A mum and her baby son had to jump to safety from a bedroom window when fire swept through their flat this week.

And yesterday Rachel Bowden from Looe said that they are still alive because a smoke detector went off and woke her up.

This drama happened in the week that the Cornish Times is announcing details of our cash support for local firefighters attempts to provide smoke detectors for people who need them.

Support from the Cornish Times and Caradon District Council includes donating 50 state-of-the-art smoke detectors and 100 batteries. Full details of the campaign are on page 8.

Twenty nine year old Rachel jumped out of the bedroom window, taking one year old son Ben to safety with her, when a fire which had started in the kitchen, swept through her flat in a matter of minutes. It was Ben's first birthday.

Miss Bowden, of Woodlands View, said that at about 8.30am she had layed down on her bed with Ben for a nap after a disturbed night because he is teething, and the detector stirred them within half an hour at 9am.

'I went to the kitchen and found it full of smoke so I immediately dialled 999' she said. 'The operator told me to shut myself in the bedroom and put bedding around the door to help keep the smoke back, but I could feel the heat on the other side and it was starting to come through.

'By then I was beginning to panic and opened the window to shout for help but no one heard me. Only half the window opens but I managed to get one leg through, swivel round and pull Ben on to my front. After that I just threw myself out landing on my back with the baby on top of me'.

Looe Fire Brigade were quickly on the scene but the kitchen and lounge were gutted and everything in the two rooms was also lost, including Ben's new toys and cards he had received for his birthday.

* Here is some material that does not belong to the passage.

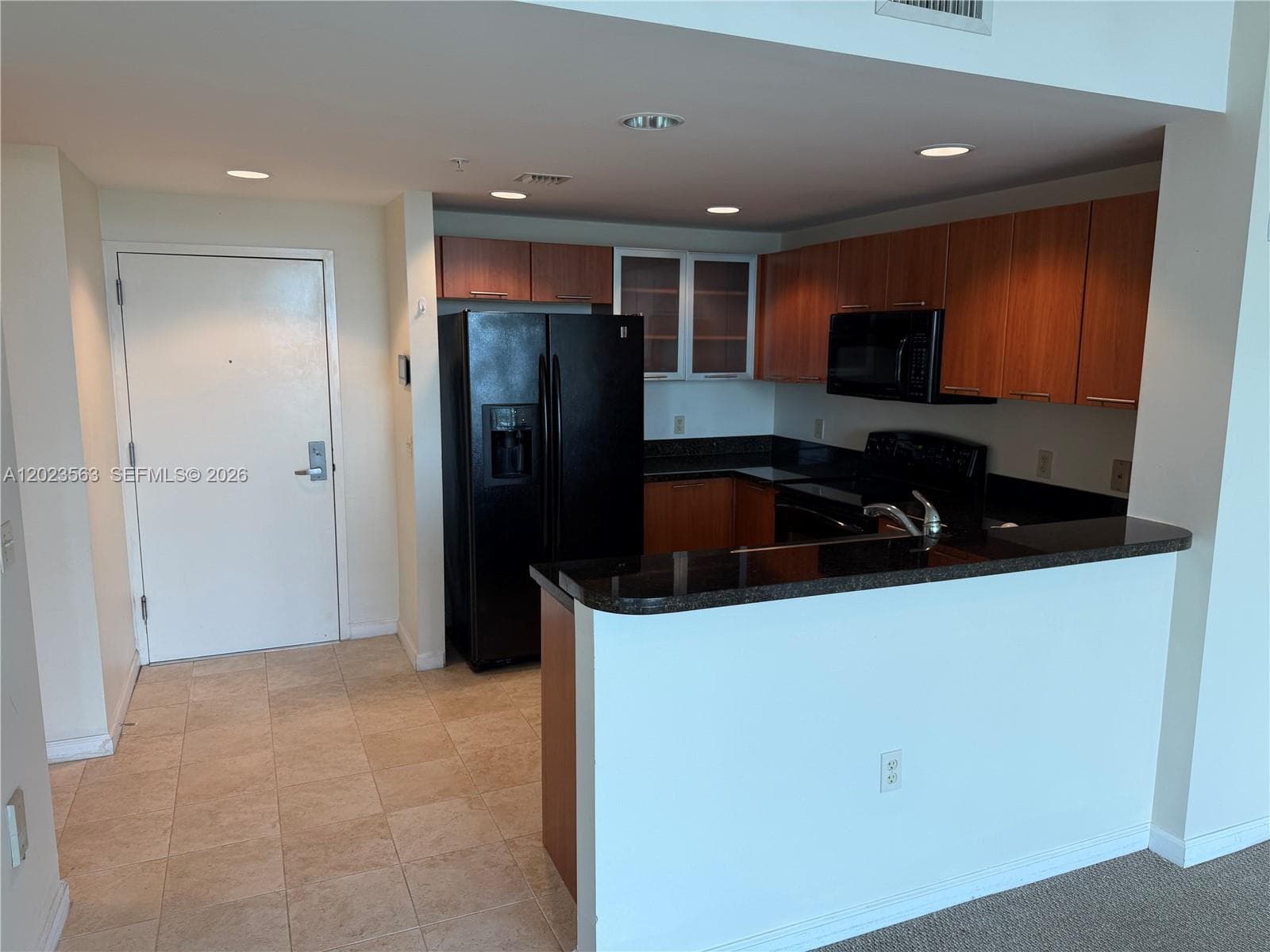 2021 SW 3rd Ave # 902, Miami FL 33129 — 3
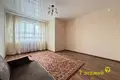 Apartment 38 m² Minsk, Belarus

'Only the bedroom escaped real damage, but we only have what we were left standing up in' said Miss Bowden. 'Everything we owned has gone, but I am just so relieved that Ben is alive. I still don't know how I got us both through such a small window, but if I hadn't made it I would have thrown him out anyway'. She said she cannot thank enough a Caradon Council official who visited her a month ago to check the building and noticing it didn't have a smoke detector installed one right away. 'Without it there is no doubt that Ben and I would not be alive today, the smoke would have got us' she said.

Spokesman for Caradon Council, Philip Sweet (Principal Maintenance Officer), said the council took the stance in 1989 to fit all the housing stock with smoke detectors. 'It is our first priority to look after our tenants, and it is a great relief to us that the equipment worked and the lady and her son are safe' he said. It is believed the fire was caused when a clothes horse standing next to a gas fire toppled over, the clothing igniting.